Former Florida Gov. Jeb Bush (R) called on Congress to pass legislation that would trigger sanctions against Iran just as the United States and its European partners are consumed in negotiations over the country’s nuclear program.

During a wide-ranging speech on foreign policy matters at the Chicago Council on Global Affairs on Wednesday, Bush criticized the Obama administration for staking out a negotiating position that, he claimed, would endanger Israel and the world by merely managing the Iranian nuclear program rather than eliminating it altogether.

“The administration no longer seeks to prevent nuclear enrichment, now it seeks merely to regulate it,” Jeb Bush said. “Prevention of nuclear weapons in Iran was once a unifying issue in American foreign policy. Leaders of both parties agreed to it.”

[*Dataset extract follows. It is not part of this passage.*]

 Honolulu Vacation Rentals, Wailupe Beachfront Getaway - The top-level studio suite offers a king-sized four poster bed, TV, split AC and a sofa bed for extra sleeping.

Congress, he said, “should pass bills to reinstate sanctions in advance if negotiations fail and require approval if an agreement is reached.”

Media reports indicate that the Obama administration and its negotiating partners — Russia, China, the United Kingdom, France, and Germany — would in fact permit Iran to retain its nuclear infrastructure but significantly delay its ability to build a nuclear weapon by more than a year. The world powers are also pushing for a rigorous inspection regime to ensure Iran is not developing covert nuclear facilities and would in turn provide Iran with sanction relief and greater integration into the world community.

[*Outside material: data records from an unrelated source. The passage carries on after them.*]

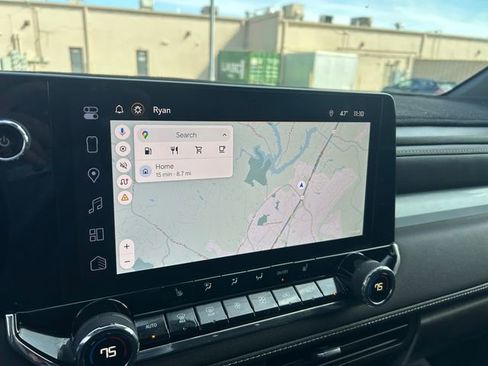 Used 2025 Chevrolet Colorado LT image 19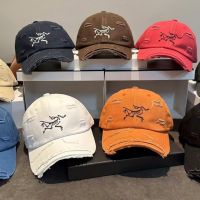 Arcteryx Fossil Bird Print Cut Hole Cap Baseball Cap 2023 New Running Fashion Outdoor Couple All-Match Cap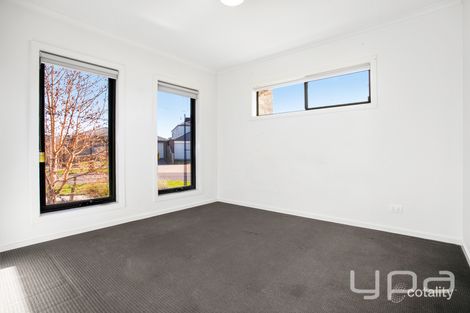 Property photo of 6 Indura Drive Werribee VIC 3030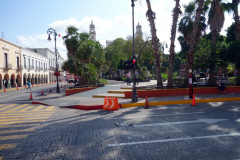 Del av Catedral de Mérida med Plaza Grande till höger i bild, Mérida.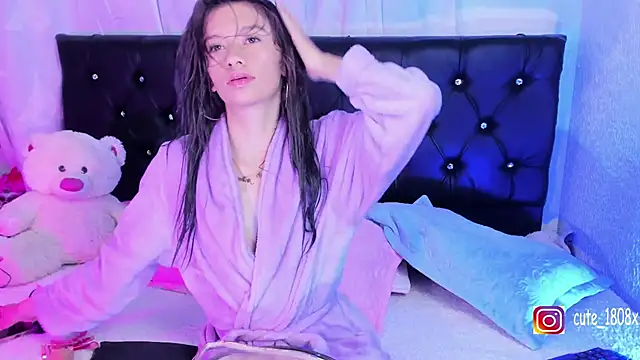 Sofiia cute  online show from October 2025 04:04:02 AM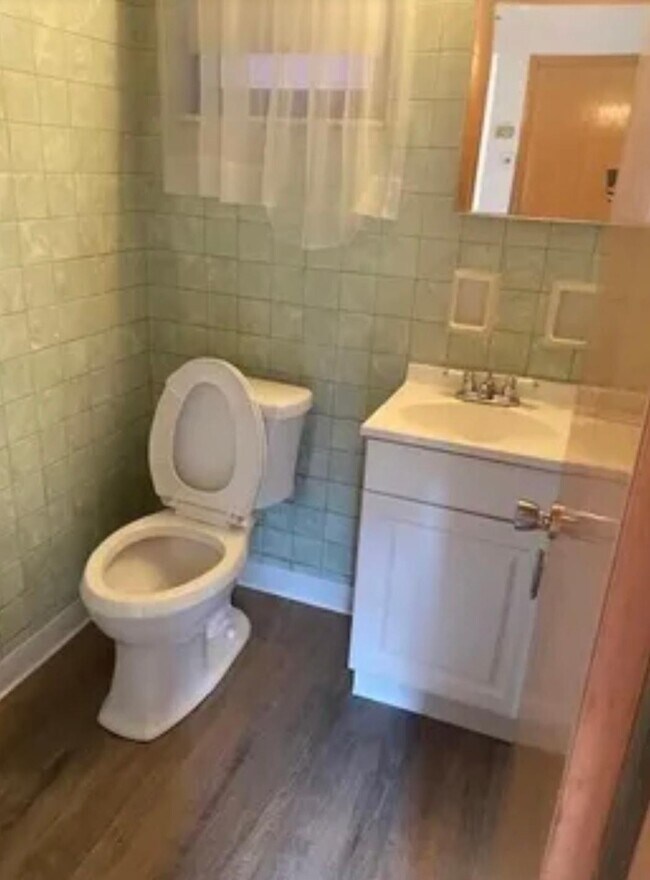 Medio baño en el primer piso - 799 Greenfield Ave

But “managing” Iran’s nuclear capabilities, as Bush puts it, isn’t a position that originated in the Obama administration.

As the New York Times points out, George W. Bush officials eventually conceded during his presidency that “there was no way to reach a deal without Iran retaining at least a face-saving amount of enrichment capability.”

Though many Republicans agree with Jeb Bush’s call to pass a new sanctions bill, Democrats who had broken with Obama on the issue in the past recently backed off, promising to wait “until after March 24, and only if there is no political framework agreement” on supporting additional sanctions.